Post a job. Wait for applicants. Run six rounds of interviews. Extend an offer six weeks later. That playbook wasn't wrong, it was built for a specific labor market: one where good candidates outnumbered good openings, where a long process signaled thoroughness rather than risk, and where a job posting was actually how the best people found their next role. None of those conditions hold for AI talent today. Walking through the playbook stage by stage shows exactly where it breaks, and what's replacing each broken step.

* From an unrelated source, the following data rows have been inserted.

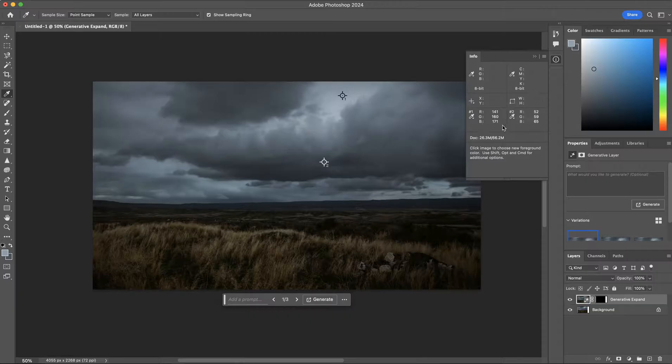The color section in the panel reflects the changes as we move the eyedropper tool without releasing the mouse button.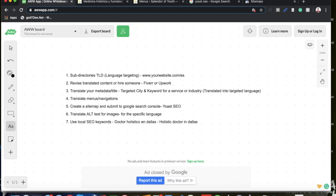And then for service pages it'd be yourwebsite.com/es/yourservice, and so forth. You want to make sure your URL structure is categorized nicely and well organized. Step number two is to revise the translated content or hire someone.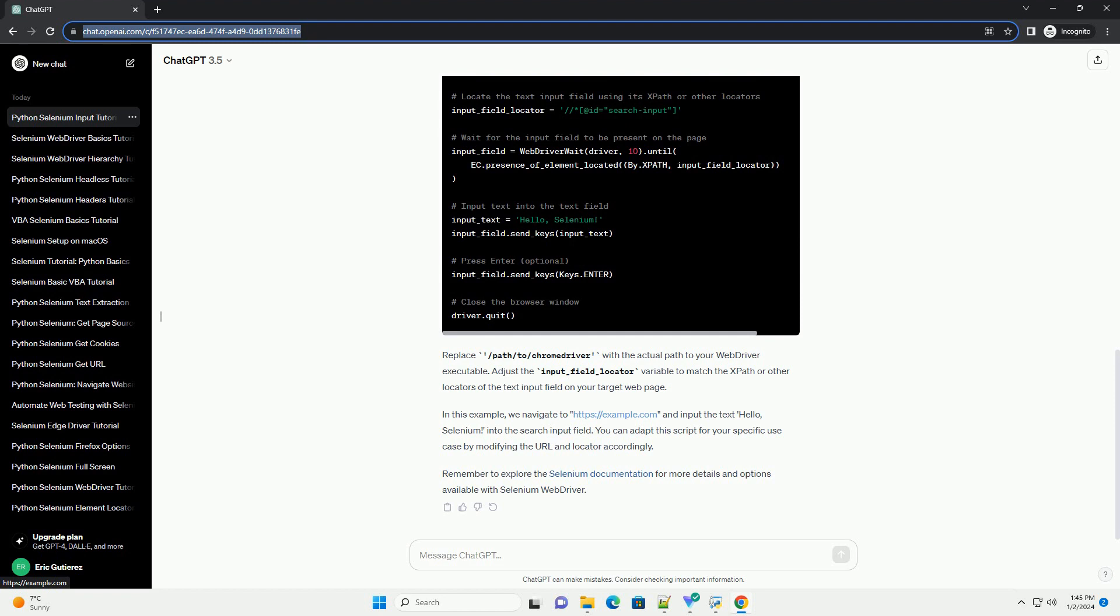Replace /path/to/chromedriver with the actual path to your WebDriver executable. Adjust the input_field_locator variable to match the XPath or other locators of the text input field on your target web page.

Stage one: post the job and wait
Posting a job and waiting for applications assumes the best candidates are actively looking. For senior AI talent right now, that assumption is mostly false, the strongest engineers are employed, often well, and not scrolling job boards. A pipeline built entirely on inbound applicants is a pipeline built entirely on whoever happens to be between jobs at that moment, which is a real signal, but a narrow and adversely selected one. What replaces it: proactive, targeted outreach into a pre-existing network of vetted, mostly passive candidates, so the pipeline isn't limited to people who happened to be searching this month.

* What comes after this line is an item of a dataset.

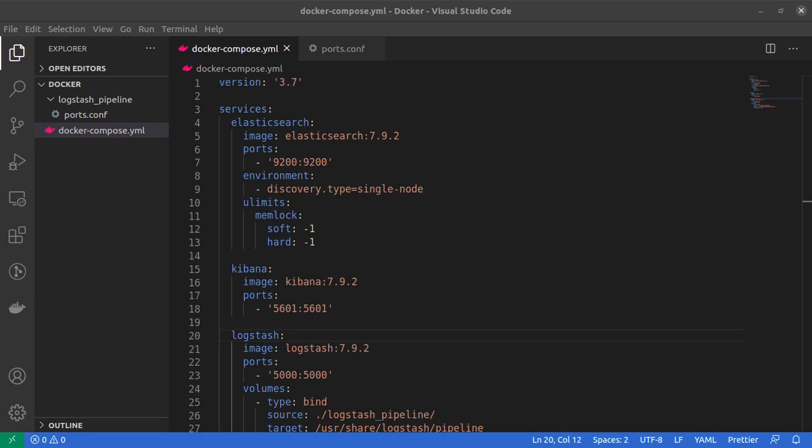Hello everyone and welcome back to the channel. Today's tutorial is a very interesting one. We are going to install and run the entire ELK stack, that is Elasticsearch, Logstash, as well as Kibana in our Ubuntu machine using Docker and Docker Compose.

Stage two: six rounds of interviews
A long interview loop was built to reduce hiring risk when the cost of one wasted week of process was low, because the candidate had few alternatives and would wait it out. Today, a candidate mid-loop is also mid-loop somewhere else, and every additional round is another chance for a faster company to make an offer first. The loop doesn't need to get less rigorous, it needs to get more compressed: fewer, denser conversations that cover in one sitting what used to take three. What replaces it: structured evaluation sessions designed to extract maximum signal per hour, run back-to-back within days, not spread across weeks.

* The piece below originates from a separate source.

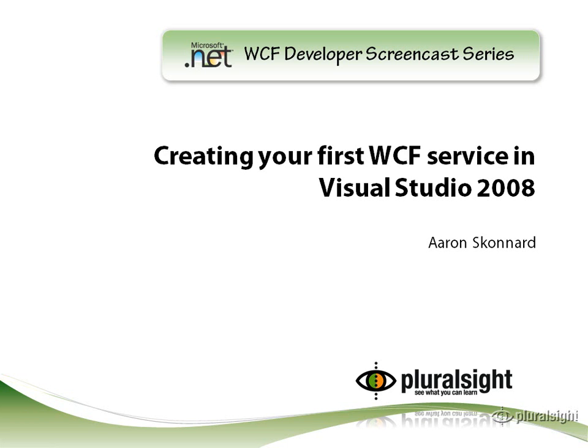Welcome to the WCF Developer Screencast Series. My name is Aaron Sconard and I work for Pluralsight, a training company that provides both instructor-led and online courses for Microsoft developers. Visit www.pluralsight.com for more details.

Stage three: the generic technical screen
A whiteboard algorithm question or a generic coding test was designed to filter a large, homogeneous applicant pool cheaply. It mostly measures test-taking fluency, not the specific thing that matters for AI roles: can this person actually take an ambiguous problem and ship a working system against it. Real signal on that question doesn't come from a puzzle, it comes from looking at what someone has actually built and probing it in depth. What replaces it: evaluation grounded in a candidate's real shipped work and how they reason through a live, realistic problem, not an abstract test with no connection to the job.
Stage four: the offer, six weeks later
A six-week gap between final interview and signed offer used to be tolerable because candidates had few competing offers to weigh it against. That gap now reads as a signal, whether intended or not, that the process itself isn't a priority for the company, and top candidates take that signal seriously when it comes from a would-be employer. What replaces it: pre-cleared approval authority and a compressed decision timeline, so an offer follows a final conversation in days, not a full budgeting cycle later.
The through-line across all four fixes
Every replacement above shares the same underlying shift: treating the strongest AI candidates as people with options, because they are, rather than as applicants who'll wait out whatever process a company runs. That's not a call to cut corners on evaluation. It's a recognition that speed and rigor aren't actually in tension, a well-designed 72-hour process can extract more real signal than a poorly designed six-week one, because it forces every stage to justify its own existence instead of running on inertia.